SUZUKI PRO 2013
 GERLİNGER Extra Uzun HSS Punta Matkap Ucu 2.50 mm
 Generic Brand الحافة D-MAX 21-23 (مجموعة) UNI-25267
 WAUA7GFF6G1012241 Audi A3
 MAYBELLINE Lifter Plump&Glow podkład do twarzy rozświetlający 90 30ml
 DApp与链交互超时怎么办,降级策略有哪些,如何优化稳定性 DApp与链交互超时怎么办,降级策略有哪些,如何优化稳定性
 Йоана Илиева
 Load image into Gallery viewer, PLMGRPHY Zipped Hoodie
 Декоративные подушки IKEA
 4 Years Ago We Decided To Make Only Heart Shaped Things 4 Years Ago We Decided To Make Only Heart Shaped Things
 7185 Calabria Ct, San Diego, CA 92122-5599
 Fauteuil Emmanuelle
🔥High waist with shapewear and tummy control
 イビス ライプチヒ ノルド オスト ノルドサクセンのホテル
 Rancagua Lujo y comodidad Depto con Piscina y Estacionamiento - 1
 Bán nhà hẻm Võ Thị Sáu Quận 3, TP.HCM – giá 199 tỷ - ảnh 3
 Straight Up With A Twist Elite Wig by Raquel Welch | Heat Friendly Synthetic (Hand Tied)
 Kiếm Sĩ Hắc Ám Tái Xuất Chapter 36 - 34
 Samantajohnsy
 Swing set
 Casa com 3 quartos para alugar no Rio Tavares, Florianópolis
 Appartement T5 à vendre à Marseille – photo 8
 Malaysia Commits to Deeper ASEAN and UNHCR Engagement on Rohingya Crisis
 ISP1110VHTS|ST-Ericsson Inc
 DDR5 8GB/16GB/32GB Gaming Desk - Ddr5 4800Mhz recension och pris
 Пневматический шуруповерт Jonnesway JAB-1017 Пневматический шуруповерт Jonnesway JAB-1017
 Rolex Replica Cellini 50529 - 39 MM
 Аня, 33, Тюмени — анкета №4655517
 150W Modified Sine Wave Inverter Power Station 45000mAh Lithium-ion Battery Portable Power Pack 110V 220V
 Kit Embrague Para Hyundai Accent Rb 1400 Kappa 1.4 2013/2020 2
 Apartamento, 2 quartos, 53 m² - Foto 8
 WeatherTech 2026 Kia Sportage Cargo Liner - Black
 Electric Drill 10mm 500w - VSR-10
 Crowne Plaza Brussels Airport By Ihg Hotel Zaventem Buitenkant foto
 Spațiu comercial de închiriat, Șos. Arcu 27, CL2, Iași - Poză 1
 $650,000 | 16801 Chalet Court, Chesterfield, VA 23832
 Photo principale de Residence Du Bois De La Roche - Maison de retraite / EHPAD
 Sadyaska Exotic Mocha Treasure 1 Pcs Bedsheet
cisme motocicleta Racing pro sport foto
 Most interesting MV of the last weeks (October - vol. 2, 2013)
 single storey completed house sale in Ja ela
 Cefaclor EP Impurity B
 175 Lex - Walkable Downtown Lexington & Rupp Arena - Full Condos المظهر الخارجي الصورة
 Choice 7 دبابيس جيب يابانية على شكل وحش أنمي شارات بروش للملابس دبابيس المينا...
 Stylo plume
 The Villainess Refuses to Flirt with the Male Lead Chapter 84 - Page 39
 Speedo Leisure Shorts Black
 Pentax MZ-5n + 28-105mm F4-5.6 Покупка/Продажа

|---|

--- WHAT IS REQUIRED ---
Take the lines above from the one containing "WeatherTech 2026 Kia" to the one containing "The Villainess Refuses" and retype them exactly, both ends included, with nothing added.

--- EXERCISE SOLUTION ---
 WeatherTech 2026 Kia Sportage Cargo Liner - Black
 Electric Drill 10mm 500w - VSR-10
 Crowne Plaza Brussels Airport By Ihg Hotel Zaventem Buitenkant foto
 Spațiu comercial de închiriat, Șos. Arcu 27, CL2, Iași - Poză 1
 $650,000 | 16801 Chalet Court, Chesterfield, VA 23832
 Photo principale de Residence Du Bois De La Roche - Maison de retraite / EHPAD
 Sadyaska Exotic Mocha Treasure 1 Pcs Bedsheet
cisme motocicleta Racing pro sport foto
 Most interesting MV of the last weeks (October - vol. 2, 2013)
 single storey completed house sale in Ja ela
 Cefaclor EP Impurity B
 175 Lex - Walkable Downtown Lexington & Rupp Arena - Full Condos المظهر الخارجي الصورة
 Choice 7 دبابيس جيب يابانية على شكل وحش أنمي شارات بروش للملابس دبابيس المينا...
 Stylo plume
 The Villainess Refuses to Flirt with the Male Lead Chapter 84 - Page 39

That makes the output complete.